MATERIAL PROVIDED:
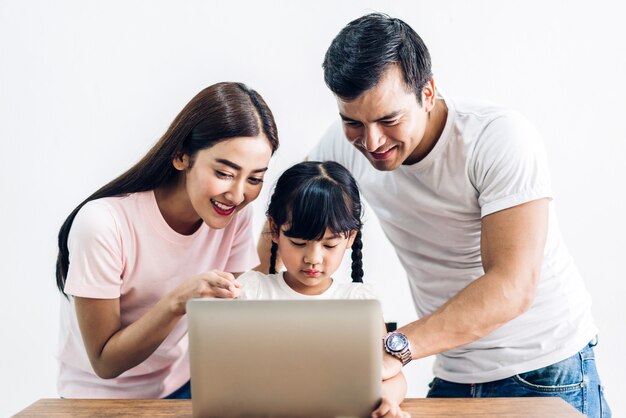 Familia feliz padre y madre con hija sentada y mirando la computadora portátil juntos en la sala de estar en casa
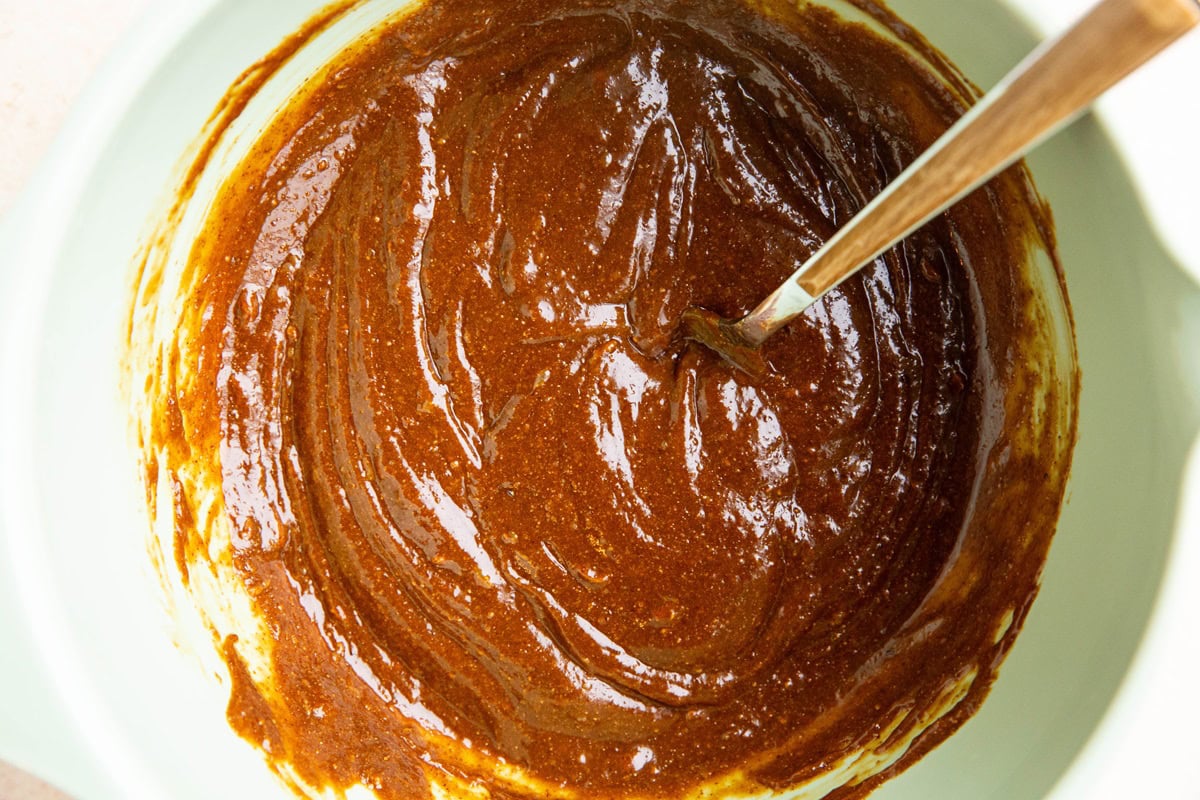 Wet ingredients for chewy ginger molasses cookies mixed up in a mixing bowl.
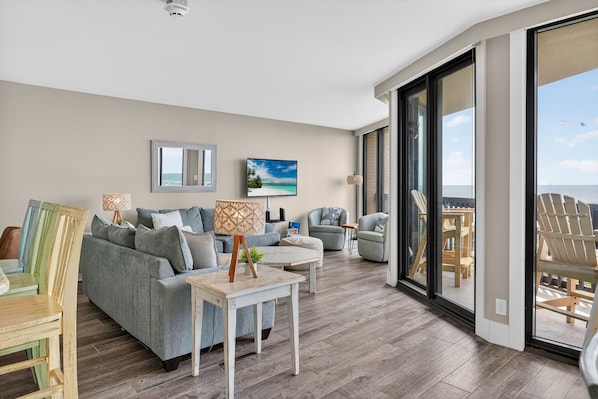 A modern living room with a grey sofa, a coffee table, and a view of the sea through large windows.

YOUR GOAL:
Please repeat all of the data exactly, excluding images.

THE COMPLETED TASK:
 Familia feliz padre y madre con hija sentada y mirando la computadora portátil juntos en la sala de estar en casa
 Wet ingredients for chewy ginger molasses cookies mixed up in a mixing bowl.
 A modern living room with a grey sofa, a coffee table, and a view of the sea through large windows.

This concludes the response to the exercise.